The controversy over Kanye West’s cancelled appearance at Wireless Festival calls to mind the cases of other Black American extremists whose involvement in the UK in the 1980s and 1990s aroused anger. These were political activists happy to forge alliances with organised British fascism.
Two figures stand out: Louis Farrakhan and Osiris Akkebala. Neither will be well known to younger readers.

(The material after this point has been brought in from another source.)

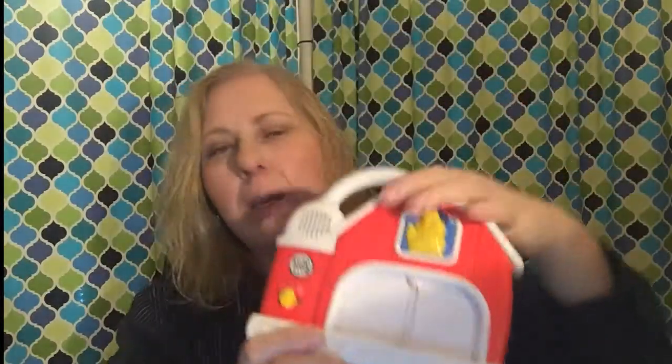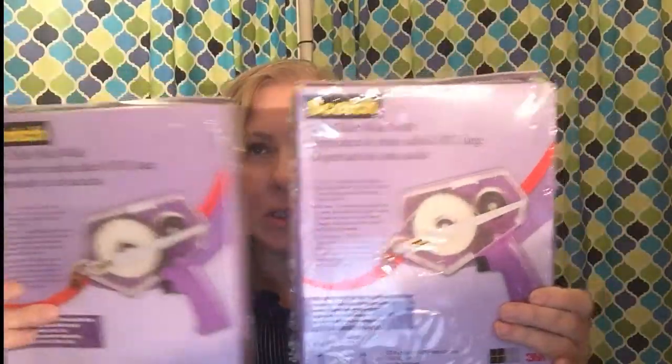Next are two LeapFrog Fridge Phonics games — one is the barnyard version. They have little letters you can plug in, and it tells you the letter, the sound, and all that. It comes with all the barnyard animals and the letters. I bought these for about four dollars total and sold them on sale for $24.64 plus shipping, for a total of $34.69.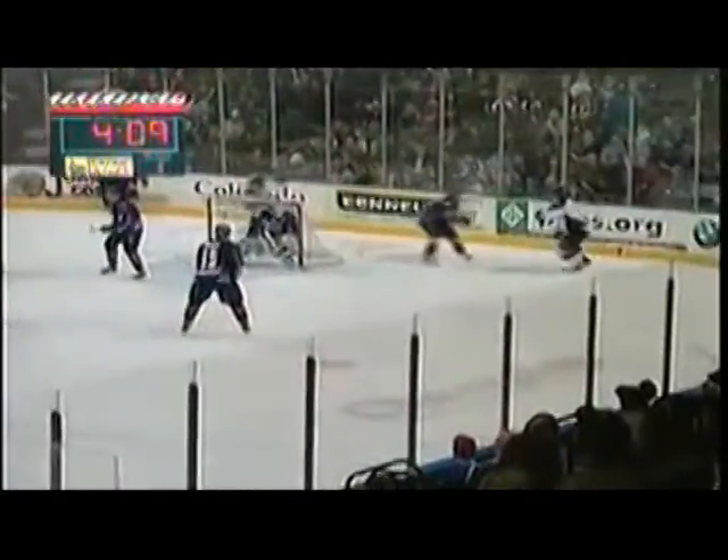Scores! Silky! Forty in behind the net, slides it free, Costello in the trapezoid, wraps around, in front shot — scores! Oh, what a setup! Michael Forty!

But the activities of both were well-reported in Searchlight many years ago, and both caused serious harm.
Foreign patrons
Farrakhan (now 92) is head of the New York based “Nation of Islam”. He was pledged hundreds of millions of dollars by Libyan dictator Muammar Gaddafi – though most of this was blocked by the US government – and during the 1980s this Gaddafi connection led to ties between Farrakhan and Nick Griffin’s “political soldier” faction of the National Front.
A delegation of leading members of the National Front travelled to Libya at the time seeking financial support from Gaddafi.
Then the NF was controlled by Nick Griffin’s “political soldier” faction, which styled itself as a revolutionary nationalist vanguard, drew on the ideas of the Italian fascist Julius Evola, and was looking for backing wherever it could find it.


In 1986 the NF journal Nationalism Today published a five-page article by Wali Abdul Muhammad, Farrakhan’s righthand man.
The same year, Farrakhan applied to come to the UK. The proposed visit was highly controversial, and Searchlight argued forcefully in support of a ban subsequently imposed by Home Secretary Douglas Hurd on Farrakhan entering the country.

That ban still applies today, despite efforts to overturn it in 2001.
Then, when Griffin was on trial in London twelve years later for inciting racial hatred, he turned to Osiris Akkebala, who describes himself as a “Heirophant Spiritualist” and “Chief Elder of the Pan-African Inter-National Movement”, with the appropriate acronym PAIN.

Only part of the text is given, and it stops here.